На святой земле | страница 13



В Енгеве мы пошли к главе кибуца, которому Николай заявил, что приехал охотиться, и потом тотчас же выехали. Остановились у берега озера, на голубой поверхности которою порою вспыхивали серебристые блестки. У берега шелестел — высокий камыш.

К вечеру, взяв ружья, мы поднялись в гору. Николай находу инструктировал меня, как охотиться. Потом свернул от меня в другую сторону и вскорости скрылся в зарослях камыша. Иду, а сам посматриваю на гору в сторону арабской деревеньки, ругаю себя, что связался с этой кабаньей охотой. Вот-вот, думаю, раздастся с арабской стороны, из какой-либо засады, выстрел — и не будет дяди Александра. Подтягиваю к подмышке ружье и озираюсь… Николай зашел с другой стороны зарослей, а я должен выгонять кабанье стадо в его сторону. Охочусь я впервые и, по правде сказать, не совсем твердо понял наставления учителя.

В стороне что-то зашуршало, даже, как показалось мне, хрюкнуло.

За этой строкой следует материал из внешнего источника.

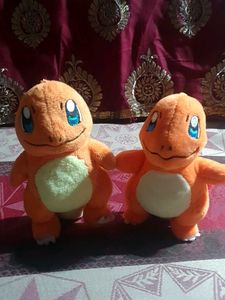 Pokemon - Charmander Plush Toys 2 piece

Насторожившись, присел на корточки. Осматриваюсь… Впопыхах, а может быть и со страху, нажал курок, вижу: мелькнуло что-то в зарослях. — Бац-бац!

— Да ты что, одурел, что ли, сукин сын!

— Сначала услышал голос Николая, а потом и самого увидел. — Ошалел!! — ругался он.

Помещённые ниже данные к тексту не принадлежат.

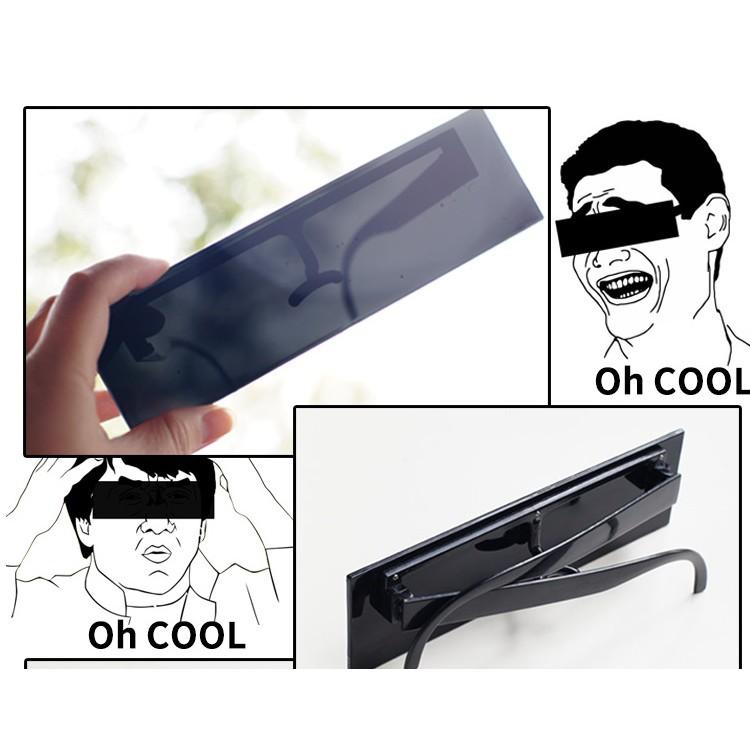 【🔥台灣24H出貨🔥】眼鏡 馬賽克眼鏡 墨鏡 太陽眼鏡 派對 搞笑【RG325】-細節圖4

Стою ни жив, ни мертв. Николай (должно быть я уж очень походил на идиота!) подходит, смотрит на мое лицо и вдруг начинает смеяться.

— Немного ошибся, дядя Александр! Вот бы кабана привез — моей Поле!

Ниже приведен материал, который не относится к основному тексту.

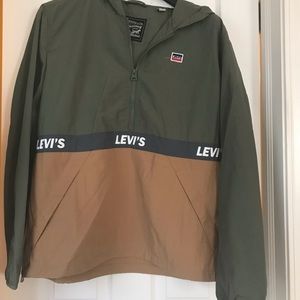 Levi's Men's Colorblocked Water Resistant Jacket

— Нет уж, баста, хватит, — сказал я, придя в себя. — Охоться один! Я тебе, брат, не помощник! — И я ушел к машине, а Николай только к вечеру вернулся, хоть и без свиней, но с разодранной щекой: споткнулся о пень и упал прямо на клык дохлого кабана.

Отправились на ночевку в Енгев. За ужином Николай увидел знакомого. Подошли к нему. Разговорились. Русским языком владел он в совершенстве. Принадлежал к партии мапамников, но сам лично был настроен антисоветски.

— Я бы хотел, чтобы вы поговорили с моей женой. Из России она в 1947 году. Я хотел бы, чтобы она рассказала вам, что пережила. В дни войны и после работала она в одном из колхозов в Нижегородской области. Уму непостижимо, что, по ее рассказам, творится там.

Вскоре мы были у него на квартире. Небольшая комнатка с маленькой террасой, уютно обставленная, радио… «Значит, кибуцы укрепляются, богатеют, жизнь кибуцников улучшается», — подумал я.

У них было двое детей. Дети в кибуцах не живут с родителями, а отдельно, в благоустроенных общежитиях. В свободное время родители посещают их. Встретила нас среднего роста смуглая женщина. Разговорились. Рассказ ее о жизни советских колхозов сводился к следующему: мужчин в колхозах очень и очень мало. Вся работа — и тяжелая и легкая — на женщинах и подростках. Все стараются прикинуть себе трудодней, что с помощью бригадиров порою и делалось. Со времени революции в облике крестьянина и особенно крестьянки мало что изменилось: ни в быту, ни в одеже. Матерная брань и пьянство, как обычно. Нищета еще хуже, чем прежде. Постель — рваное тряпье. Семья по большей части спит на полу. Колхозницы, как правило, ходят без трусиков. Неграмотных почти нет, но малограмотных много. Радио нет, так как электрическое освещение только в очень редких колхозах. Инвалидов множество, громадное большинство их нищенствует.